The code samples on the API reference page provide an example of this reconnect logic.

Once an established connection drops, attempt to reconnect immediately. If the reconnect fails, slow down your reconnect attempts according to the type of error experienced:

  • Back off linearly for TCP/IP level network errors. These problems are generally temporary and tend to clear quickly. Increase the delay in reconnects by 250ms each attempt, up to 16 seconds.
  • Back off exponentially for HTTP errors for which reconnecting would be appropriate. Start with a 5 second wait, doubling each attempt, up to 320 seconds.
  • Back off exponentially for HTTP 429 errors Rate limit exceeded. Start with a 1 minute wait and double each attempt. Note that every HTTP 429 received increases the time you must wait until rate limiting will no longer be in effect for your account.
     

Rate limits and usage

To check connection limits response will return three headers. This is useful to understand how many reconnections attempts are allowed for the streaming endpoint.

  • x-rate-limit-limit indicates the number of allotted requests your client is allowed to make during the 15-minute window.
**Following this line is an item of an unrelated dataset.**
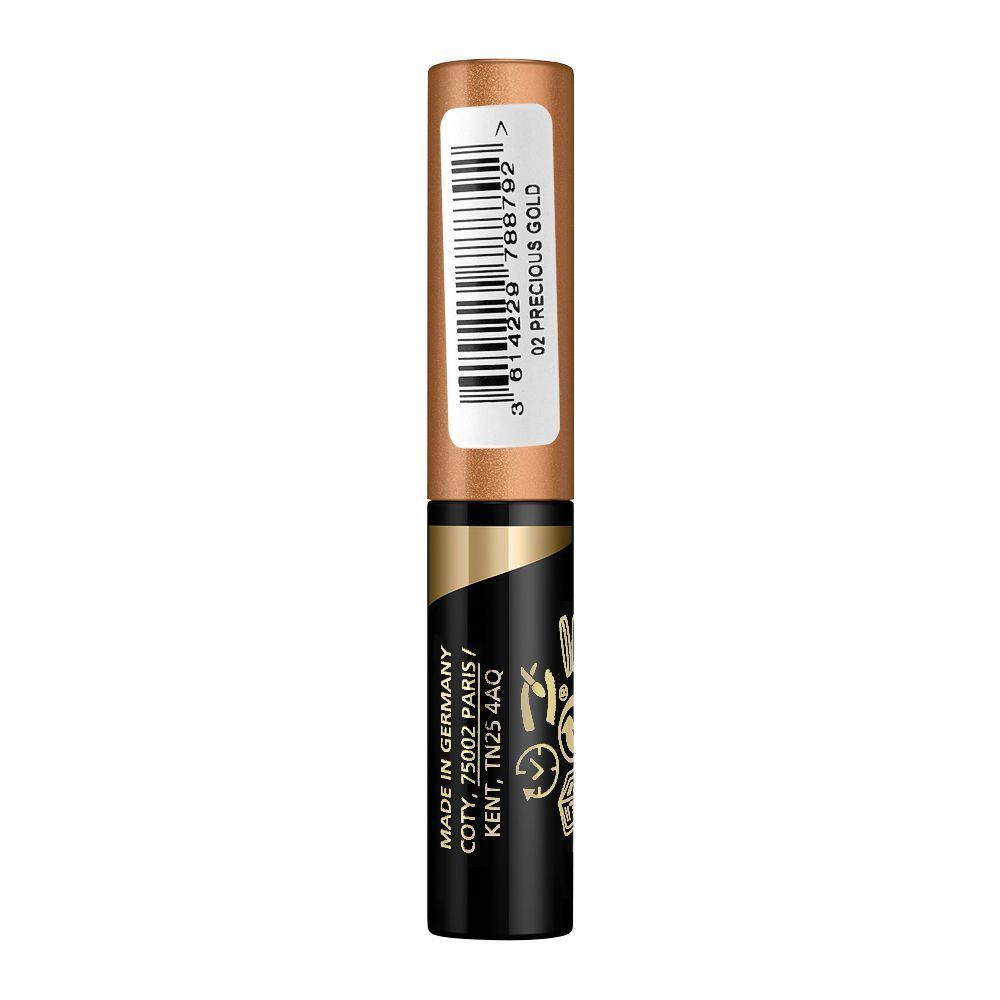 Max Factor Lin To Shad Rg Preciousgold 002 20Exp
  • x-rate-limit-remaining indicates the number of requests made so far in the 15-minute window.

  • x-rate-limit-reset is a UNIX timestamp indicating when the 15-minute window will restart, resetting x-rate-limit-remaining to 0.

The sampled stream endpoint does not currently report usage data. To check how many Posts have been delivered, your code can implement a metering logic, so that consumption can be measured and paused if needed. 

Your code that hosts the client side of the stream simply inserts incoming Posts into a first in, first out (FIFO) queue, or a similar memory structure; a separate process/thread should consume Posts from that queue to parse and prepare content for storage. With this design, you can implement a service that can scale efficiently in case incoming Post volumes changes dramatically. Conceptually, you can think of it as downloading an infinitely long file over HTTP.

 

Reconnection best practices

Test backoff strategies

A good way to test a backoff implementation is to use invalid authorization credentials and examine the reconnect attempts. A good implementation will not get any 429 responses.

Issue alerts for multiple reconnects

If a client reaches its upper threshold of its time between reconnects, it should send you notifications so you can triage the issues affecting your connection.

Handle DNS changes

Test that your client process honors the DNS Time To live (TTL). Some stacks will cache a resolved address for the duration of the process and will not pick up DNS changes within the prescribed TTL. Such aggressive caching will lead to service disruptions on your client as X shifts load between IP addresses.

User Agent

Ensure your user-agent HTTP header includes the client’s version. This will be critical in diagnosing issues on X's end. If your environment precludes setting the user-agent field, then set an x-user-agent header.